A channel may be closed and unregistered with an endpoint by calling
``ChannelClose`` on the endpoint with the corresponding channel ID. This
will terminate any pending calls and call their ``on_error`` callback
with the ``ABORTED`` status.
.. code-block:: cpp
// When a channel is closed, any pending calls will receive
// on_error callbacks with ABORTED status.
client->CloseChannel(1);
Remapping channels
==================
Some pw_rpc deployments may find it helpful to remap channel IDs in RPC packets.
This can remove the need for globally known channel IDs.
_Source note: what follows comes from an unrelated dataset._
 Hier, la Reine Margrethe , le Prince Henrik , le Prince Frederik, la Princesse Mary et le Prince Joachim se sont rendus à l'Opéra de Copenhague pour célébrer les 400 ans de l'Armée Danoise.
Clients can use a
generic channel ID. The server remaps the generic channel ID to an ID associated
with the transport the client is using.
.. doxygengroup:: pw_rpc_channel_functions
:content-only:
A future revision of the pw_rpc protocol will remove the need for global channel
IDs without requiring remapping.
--------
Services
--------
A service is a logical grouping of RPCs defined within a .proto file. ``pw_rpc``
uses these .proto definitions to generate code for a base service, from which
user-defined RPCs are implemented.
``pw_rpc`` supports multiple protobuf libraries, and the generated code API
depends on which is used.
Services must be registered with a server in order to call their methods.
Services may later be unregistered, which aborts calls for methods in that
service and prevents future calls to them, until the service is re-registered.
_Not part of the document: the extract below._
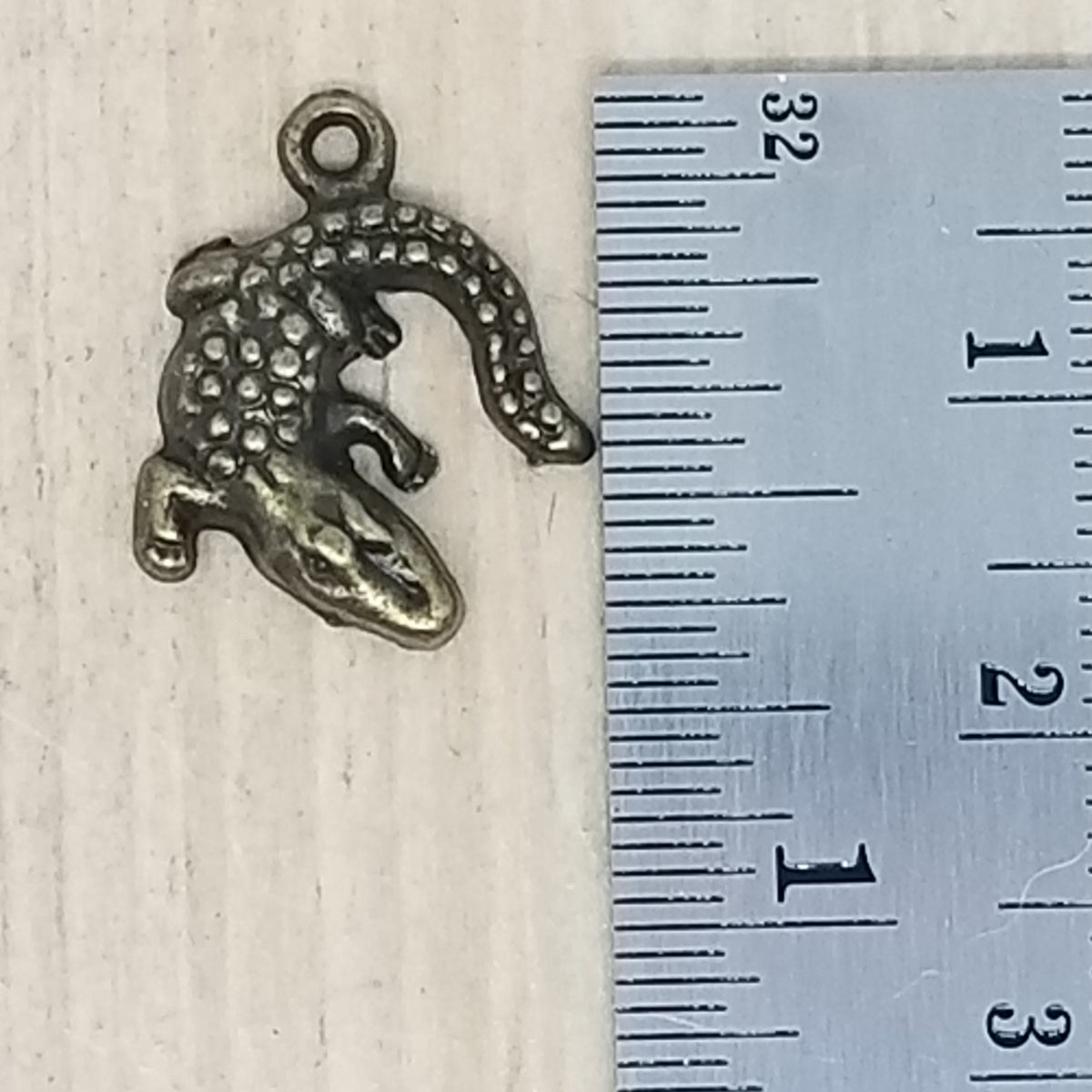 Bronze Alligator Charm - lot of 5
.. _module-pw_rpc-protobuf-library-apis:
---------------------
Protobuf library APIs
---------------------
.. toctree::
:maxdepth: 1
pwpb/docs
nanopb/docs
----------------------------
Testing a pw_rpc integration
----------------------------
After setting up a ``pw_rpc`` server in your project, you can test that it is
working as intended by registering the provided ``EchoService``, defined in
``echo.proto``, which echoes back a message that it receives.
.. literalinclude:: echo.proto
:language: protobuf
:lines: 14-
For example, in C++ with pw_protobuf:
.. code-block:: c++
#include "pw_rpc/server.h"
// Include the apporpriate header for your protobuf library.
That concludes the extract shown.